• **Brief**:
Will you write out, word for word, every line from the one with "Privartzimmer 'ausfahrt Freihalten'" to the final line of the data below, with the pictures left out?

• **Data below**:
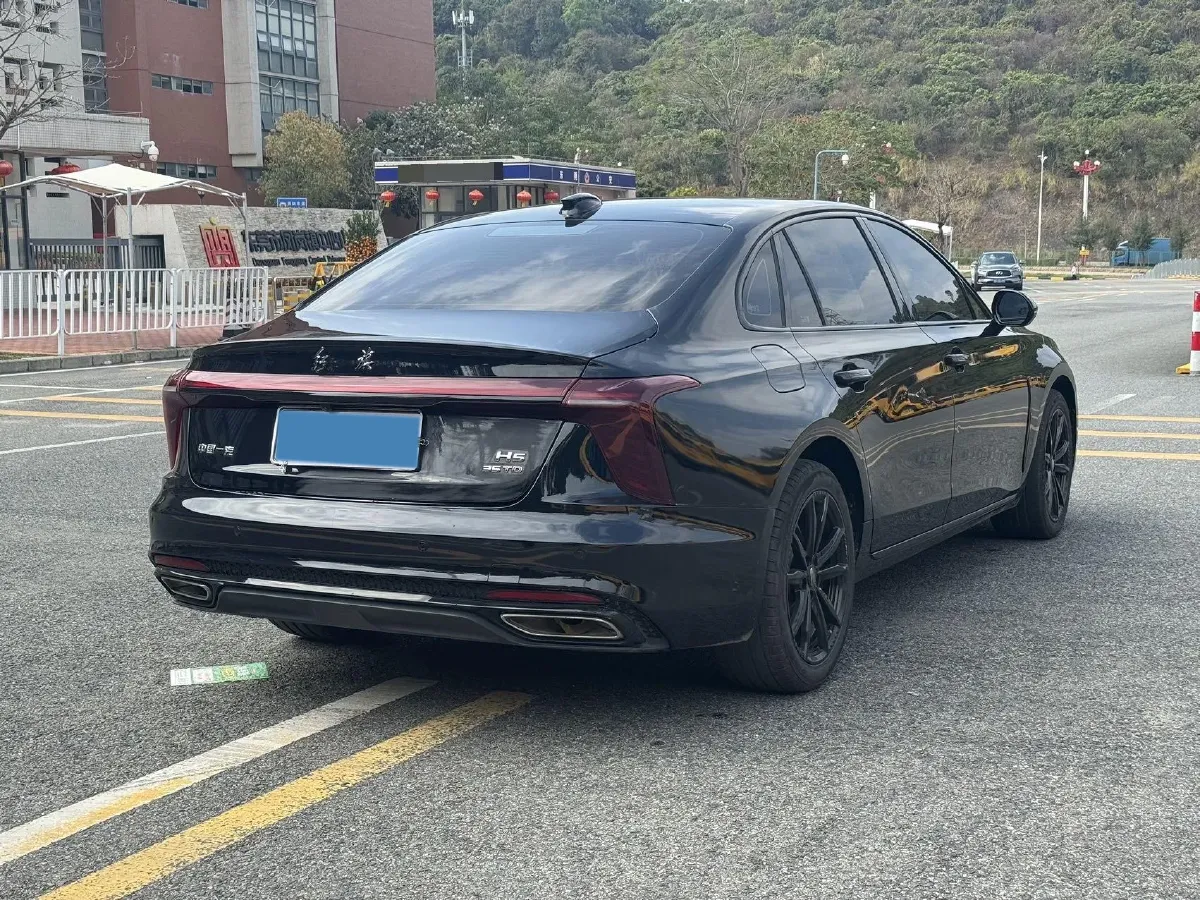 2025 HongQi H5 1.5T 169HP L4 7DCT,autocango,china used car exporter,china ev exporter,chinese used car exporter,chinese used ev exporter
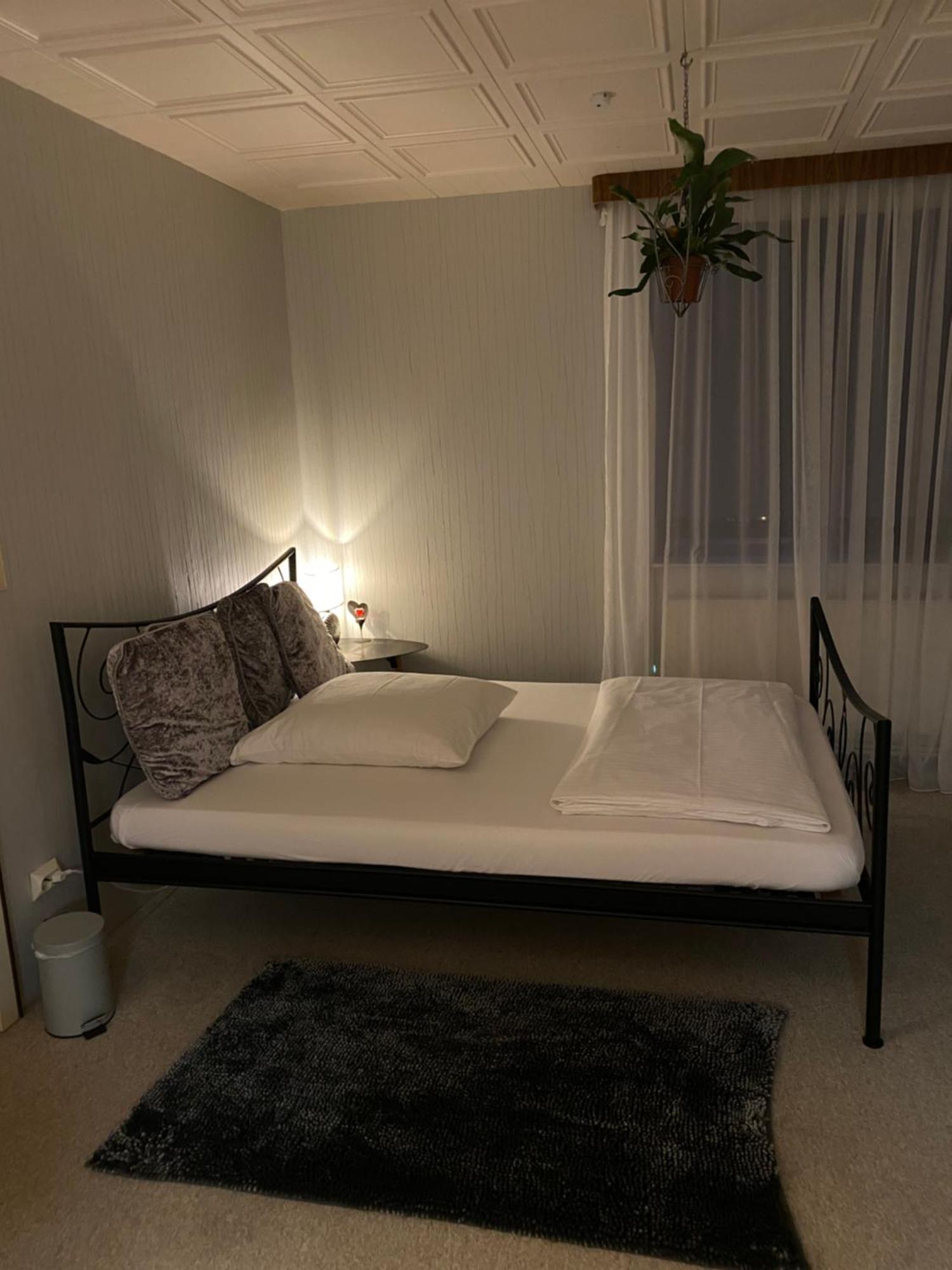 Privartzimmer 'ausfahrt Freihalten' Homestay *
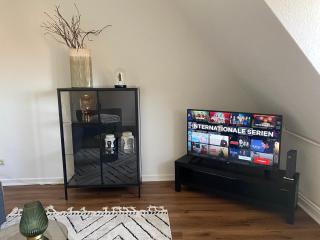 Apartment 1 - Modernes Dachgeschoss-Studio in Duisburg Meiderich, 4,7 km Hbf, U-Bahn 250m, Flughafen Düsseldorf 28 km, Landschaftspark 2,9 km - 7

• **Solution for this task**:
 Privartzimmer 'ausfahrt Freihalten' Homestay *
 Apartment 1 - Modernes Dachgeschoss-Studio in Duisburg Meiderich, 4,7 km Hbf, U-Bahn 250m, Flughafen Düsseldorf 28 km, Landschaftspark 2,9 km - 7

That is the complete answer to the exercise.